Por mim, como sabes, preciso de muito pouco: alguns bons amigos com que sempre possa contar, livros, música, umas viagens de vez em quando e aqui estou eu feliz e contente. Ah! e saúde. Sem saúde nada feito como sabes... portanto juntemos este argumento de peso e temos um ramo completo de felicidade aqui para a tua amiga.
Depois há as pequenas maldades que me deixam tão feliz! Eu sei que o jesus castiga, mas não faz mal. Vou contar-te o que se passou logo a seguir a ter-te deixado.
Tinha acabado de pousar a mochila e estava a despir o kispo quando o telefone tocou. Era Mr. B a chamar-me ao seu gabinete, pedindo que levasse o meu carimbo. Como não gosto de dar muita confiança e não abdico do meu papel de rebelde, disse "sim senhor", mas primeiro fui à "casinha", fazer xixi, lavar as mãos e os dentes com a necessária calma a uma boa higiene dentária. Depois arrumei o kispo, a mochila, peguei no carimbo e desci.
Mr. B estava à minha espera à porta do gabinete. Se calhar a pensar que eu sofrera algum acidente de trabalho. Não me perguntou porque me tinha demorado e eu também não dei qualquer satisfação (era o que faltava!). Mas se ele quisesse saber haveria de dizer que tinha ido fazer um xixi e lavar as mãos e os dentes como fazem as meninas bem comportadas depois do almoço.

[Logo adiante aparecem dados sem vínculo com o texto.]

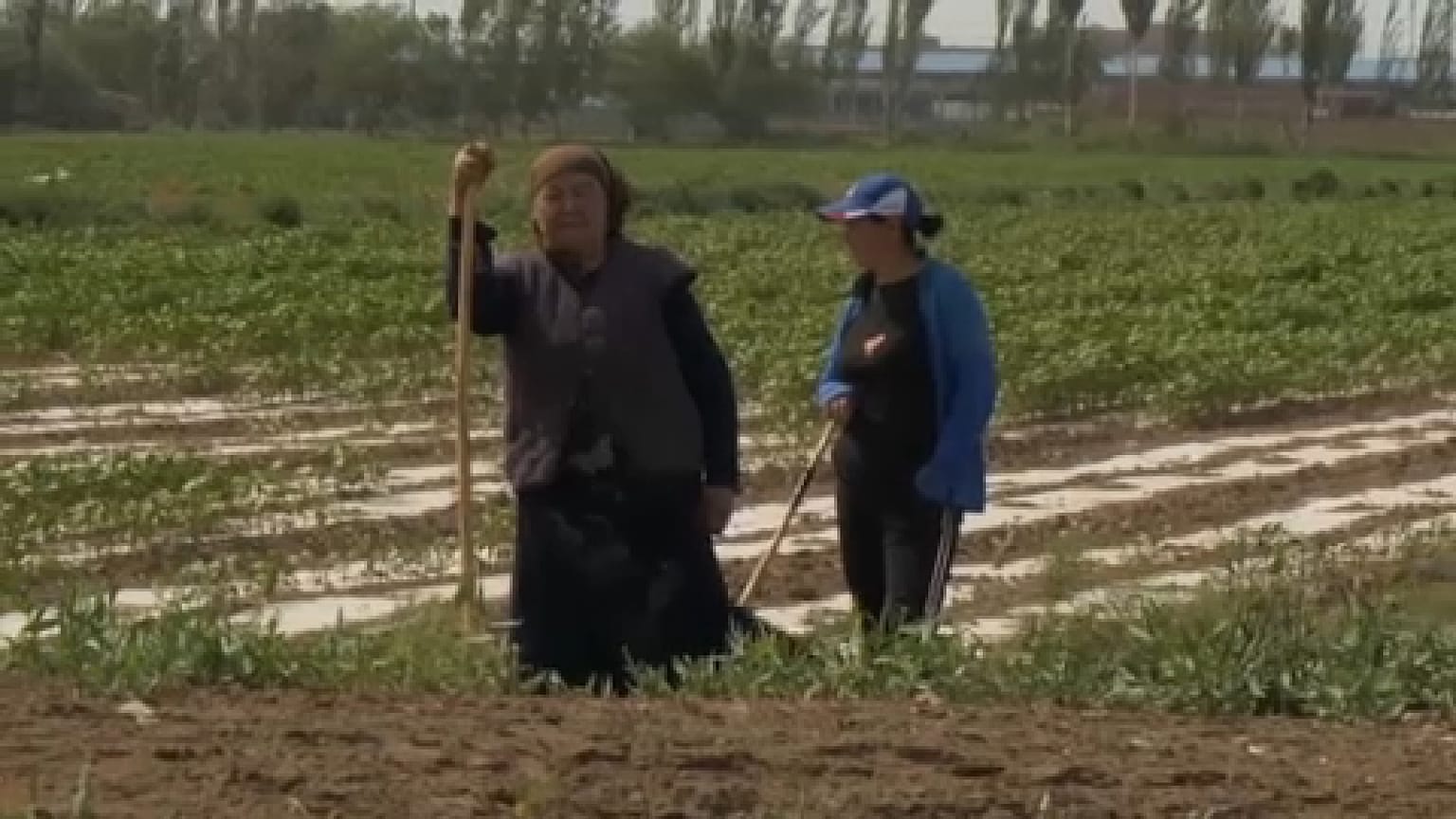 Minoria Uigur na China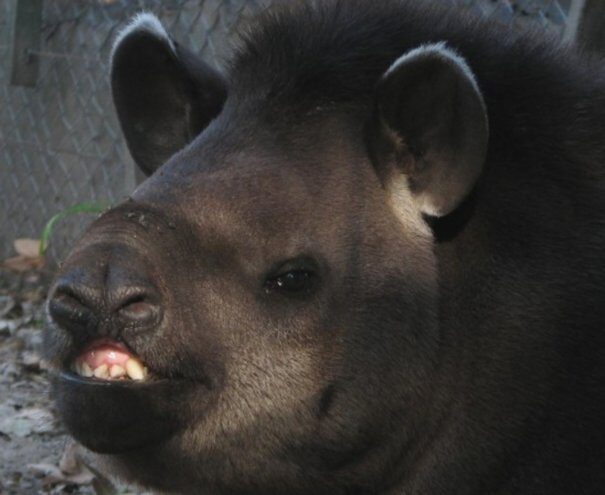 tapir20gor201-2375924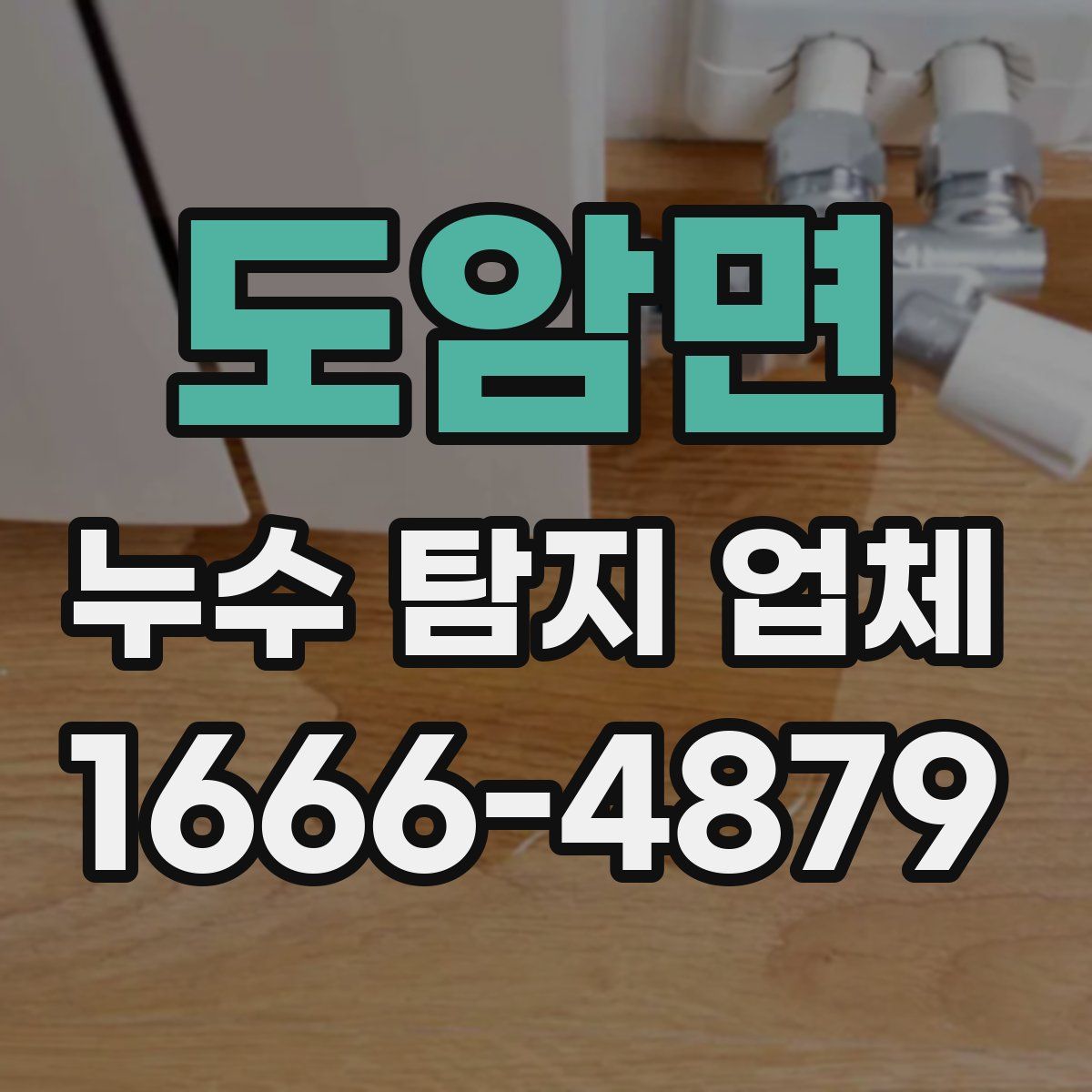 도암면 누수 탐지 업체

Muito bem: como já percebeste tratava-se de me dar "a nota". Muita palheta, muitas letras e eu sem óculos. Estás a ver-me de papel bem afastado do nariz a tentar perceber o que lá estava escrito, não é?

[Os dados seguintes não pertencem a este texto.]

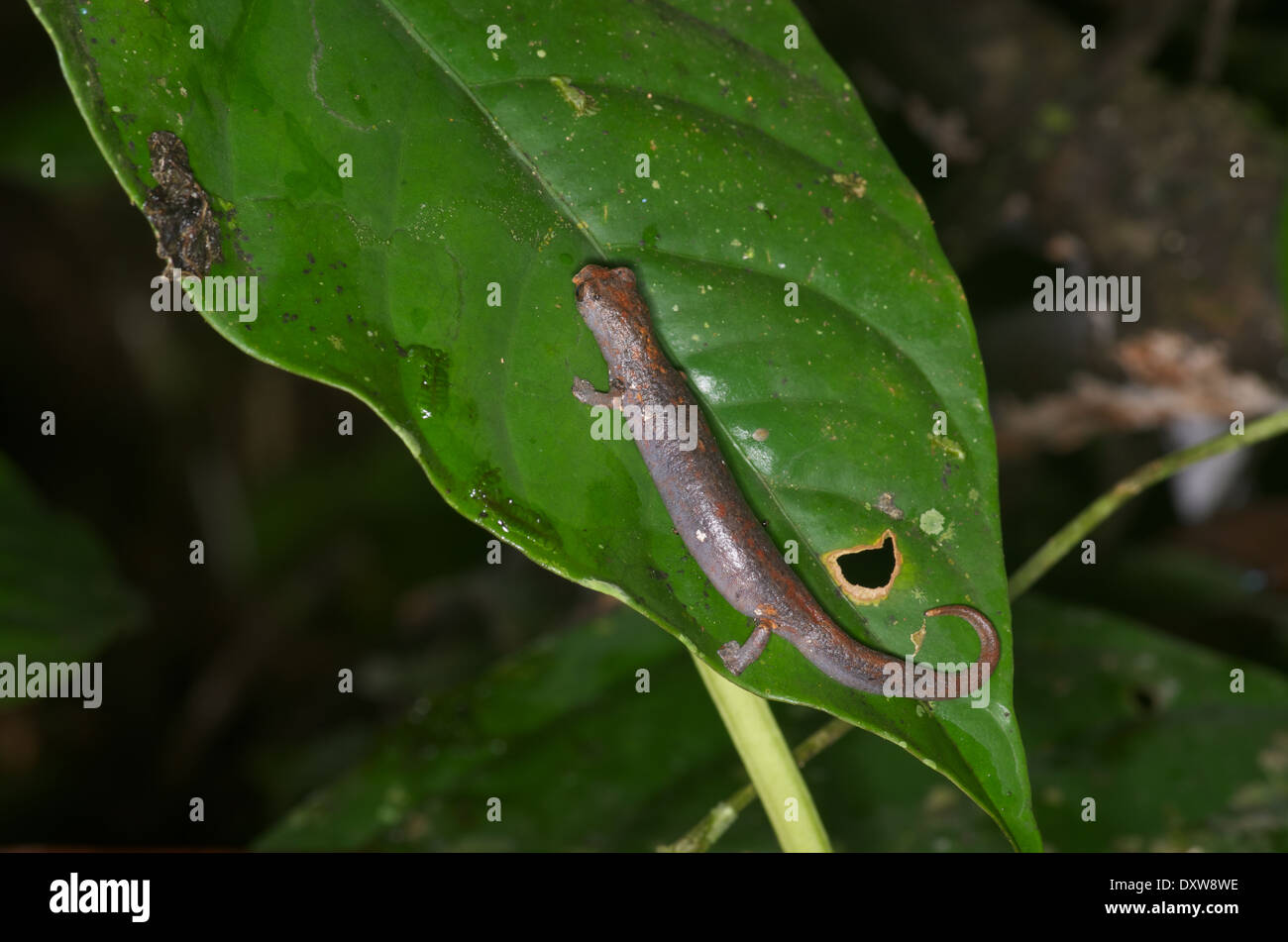 An Amazon Climbing Salamander (Bolitoglossa altamazonica) on a leaf at night in the Amazon basin in Peru. Stock Photo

Pois decidi ir procurar pela minha nota do ano anterior para comparar. Despejei as gavetas e encontrei alguns "tesourinhos" deprimentes e outros interessantes. Pelo meio fui para a sala grande declamar poesia e no fim não encontrei o que procurava, porque provavelmente não estava lá. Deve estar no gabinete da nossa amiga que é sítio como sabes, onde não entro.

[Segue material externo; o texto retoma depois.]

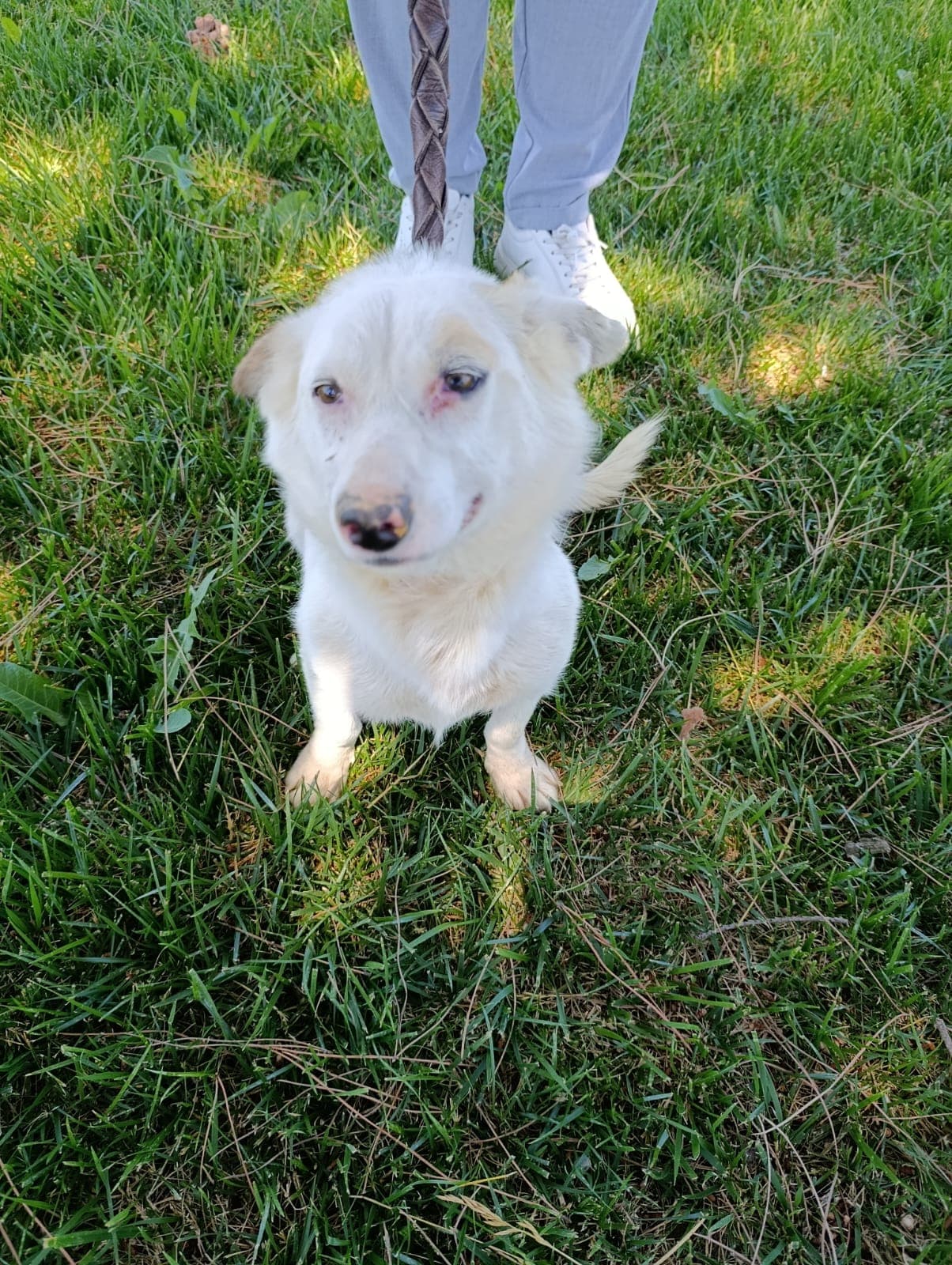 Silivri Melez 253 Melez Köpek fotoğrafı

Portanto liguei a Mr. B e pedi para falar com ele. Disse-me que descesse. Pedi-lhe que me dissesse qual tinha sido a minha nota no ano anterior, ele corou, titubeou, não encontrava o papel... por fim lá achou! Deu-me uma explicação completamente ilógica para me ter baixado a nota em 0,3! Eu que superei todos os objectivos, tenho provas, tudo anotado , mas estou-me nas tintas para a nota. Só quis ter a certeza que ele percebeu que eu tenho andado a gozá-lo este tempo todo, que o tenho provocado dia após dia, sempre que surge uma oportunidade por pequena que seja. Só quis ter a certeza que ele é grunho mas que não é parvo de todo... para poder continuar, agora ainda com mais zelo, a tratar de o provocar e gozar... porque o facto é que foi a primeira vez na minha vida que vi a minha nota descer... mas também é verdade que o mereço: tenho-me desenfiado sempre que me apetece, desestabilizo os colegas com as minhas estórias, represento, imito, digo poesia da pior, daquela mesmo intragável sabes como é? E gozo Mr. B!
E porquê? Digo-te as palavras do enfermeiro da "Mãe Preta" :"estou cansado, desmotivado..." E esta é a maneira que me resta de continuar viver brincando... assim como assim, ganho o mesmo e divirto-me mais... a gente pode levar algum tempo a aprender mas chega lá... ai se chega!
3 comentários:
Boa Amiga, assim é que é. Mas por agora deves ter cuidado com o teu coração, pois não quero perder outra Amiga.
Anónima não importa quem sejas. Desconfio. Mas se não te identificas tens as tuas razões e eu respeito. Tudo o que eu puder fazer para não perderes mais uma amiga, farei. Mas ao destino ninguém foge. Com toda a minha ternura para ti, amiga.
São duas grafonolas e como tal perturbadoras.